The New Health Economy requires physicians care for consumers in the communities where they live, improve patient populations’ health and understand the environmental and social aspects that affect health. However, most medical school and residency training focus on disease treatment rather than prevention and management. Many students are exposed to inpatient settings and residency training at academic medical centers that attract unusually complex patients who are not representative of the general population. Leading medical schools such as Case Western Reserve University, Johns Hopkins and Standard Medicine immerse students in underserved communities, integrating a whole health and public health focus into the curriculum., They create partnerships that offer joint medical doctorate and master of public health degrees.

The New Health Economy demands that primary care providers broaden their team of nonphysicians to cater to the specific, holistic needs of consumer segments. However, HRI found medical schools are falling short on training students alongside the professionals primary care doctors want on their teams especially with mental health, community health and social work professionals. Florida International University’s The Green Family Foundation NeighborhoodHELP program, one of the most highly interdisciplinary training programs in the US, brings together medical, nursing, social work, law, education and public heath students to provide care and social services in the homes of low-income Hispanic communities.

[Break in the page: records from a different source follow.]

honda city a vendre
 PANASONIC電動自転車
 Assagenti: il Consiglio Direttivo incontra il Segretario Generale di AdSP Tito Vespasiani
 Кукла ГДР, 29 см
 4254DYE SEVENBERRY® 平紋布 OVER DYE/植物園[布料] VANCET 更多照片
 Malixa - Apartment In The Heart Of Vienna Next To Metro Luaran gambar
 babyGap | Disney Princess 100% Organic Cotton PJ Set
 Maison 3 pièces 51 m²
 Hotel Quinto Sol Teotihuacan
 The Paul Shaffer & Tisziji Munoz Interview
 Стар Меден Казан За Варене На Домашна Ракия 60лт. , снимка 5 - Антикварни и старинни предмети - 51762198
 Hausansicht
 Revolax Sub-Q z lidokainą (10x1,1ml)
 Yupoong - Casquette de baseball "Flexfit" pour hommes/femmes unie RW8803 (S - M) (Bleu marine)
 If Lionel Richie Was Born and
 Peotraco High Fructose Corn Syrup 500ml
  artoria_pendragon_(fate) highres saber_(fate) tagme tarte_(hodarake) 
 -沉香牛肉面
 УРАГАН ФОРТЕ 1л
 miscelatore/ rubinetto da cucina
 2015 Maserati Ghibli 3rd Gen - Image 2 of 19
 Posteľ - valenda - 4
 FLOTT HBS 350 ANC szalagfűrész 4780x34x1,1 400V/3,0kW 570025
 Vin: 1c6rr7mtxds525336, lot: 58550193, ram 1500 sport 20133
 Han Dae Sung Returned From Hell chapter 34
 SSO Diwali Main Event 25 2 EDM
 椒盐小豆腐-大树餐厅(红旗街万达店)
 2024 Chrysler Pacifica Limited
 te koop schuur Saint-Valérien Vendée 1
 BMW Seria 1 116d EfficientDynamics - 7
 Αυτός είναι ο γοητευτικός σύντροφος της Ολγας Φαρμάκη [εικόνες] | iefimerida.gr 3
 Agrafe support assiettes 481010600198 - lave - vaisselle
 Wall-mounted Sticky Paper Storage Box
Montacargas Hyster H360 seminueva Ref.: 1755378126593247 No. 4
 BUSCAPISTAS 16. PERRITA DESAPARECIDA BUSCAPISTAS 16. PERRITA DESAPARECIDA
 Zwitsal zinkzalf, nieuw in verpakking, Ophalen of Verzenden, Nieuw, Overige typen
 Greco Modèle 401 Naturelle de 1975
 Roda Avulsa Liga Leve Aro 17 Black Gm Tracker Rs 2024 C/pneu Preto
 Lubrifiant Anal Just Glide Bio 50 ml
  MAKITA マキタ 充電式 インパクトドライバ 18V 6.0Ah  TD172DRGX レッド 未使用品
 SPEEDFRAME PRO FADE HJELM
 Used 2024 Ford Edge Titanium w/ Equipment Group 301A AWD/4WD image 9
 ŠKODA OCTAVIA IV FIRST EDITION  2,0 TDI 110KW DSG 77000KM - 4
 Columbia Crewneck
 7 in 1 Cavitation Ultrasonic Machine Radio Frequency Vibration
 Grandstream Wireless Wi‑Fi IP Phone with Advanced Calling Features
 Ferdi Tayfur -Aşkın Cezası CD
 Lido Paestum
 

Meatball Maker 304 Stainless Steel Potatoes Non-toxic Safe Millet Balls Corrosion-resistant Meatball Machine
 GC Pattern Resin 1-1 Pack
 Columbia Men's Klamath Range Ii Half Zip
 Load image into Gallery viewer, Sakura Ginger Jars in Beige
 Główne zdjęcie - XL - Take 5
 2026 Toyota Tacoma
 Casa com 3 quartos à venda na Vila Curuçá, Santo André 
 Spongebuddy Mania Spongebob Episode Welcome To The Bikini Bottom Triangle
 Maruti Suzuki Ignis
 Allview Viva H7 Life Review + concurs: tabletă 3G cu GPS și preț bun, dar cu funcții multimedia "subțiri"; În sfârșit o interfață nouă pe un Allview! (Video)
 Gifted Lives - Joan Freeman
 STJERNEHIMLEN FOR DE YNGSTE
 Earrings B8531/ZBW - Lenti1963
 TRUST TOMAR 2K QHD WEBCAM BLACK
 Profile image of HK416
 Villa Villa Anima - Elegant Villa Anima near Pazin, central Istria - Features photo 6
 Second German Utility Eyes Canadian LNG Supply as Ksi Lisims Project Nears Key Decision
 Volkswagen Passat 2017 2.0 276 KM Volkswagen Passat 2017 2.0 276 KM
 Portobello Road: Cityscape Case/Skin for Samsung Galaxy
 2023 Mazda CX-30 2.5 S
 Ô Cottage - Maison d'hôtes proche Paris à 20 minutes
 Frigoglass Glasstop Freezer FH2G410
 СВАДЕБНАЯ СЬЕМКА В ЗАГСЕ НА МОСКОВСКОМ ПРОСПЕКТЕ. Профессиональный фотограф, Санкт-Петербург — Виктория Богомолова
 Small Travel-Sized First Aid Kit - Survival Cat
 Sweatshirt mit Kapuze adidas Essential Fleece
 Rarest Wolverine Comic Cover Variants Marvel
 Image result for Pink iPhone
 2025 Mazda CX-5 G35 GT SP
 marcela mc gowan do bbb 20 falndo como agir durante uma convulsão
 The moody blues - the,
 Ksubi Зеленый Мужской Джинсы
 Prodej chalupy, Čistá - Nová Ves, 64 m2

Primary care training in the New Health Economy must expand to ambulatory or community settings and building relationships with patients over a long period of time. However, many medical schools’ clinical rotations lack continuity and offer minimal time outside of inpatient settings. Vanderbilt University requires students participate in Interprofessional Learning, in which medical, nursing, pharmacy and social work students follow a panel of patients providing and coordinating care, coaching, and helping them access community resources over two years.

The New Health Economy forces primary care physicians to be well versed in the business of healthcare. Future primary care physicians will need to efficiently coordinate all aspects of care while keeping a sharp eye on scarce resources. Increasingly, they must make data-driven decisions, relying on a growing number of data sources. Cooper Medical School at Rowan University in Camden, N.J., emphasizes process improvement and lean principles. First-year medical students train with Cooper Health System Lean Six Sigma black belts to become yellow belts while learning management techniques in areas such as central sterile supply and systems engineering.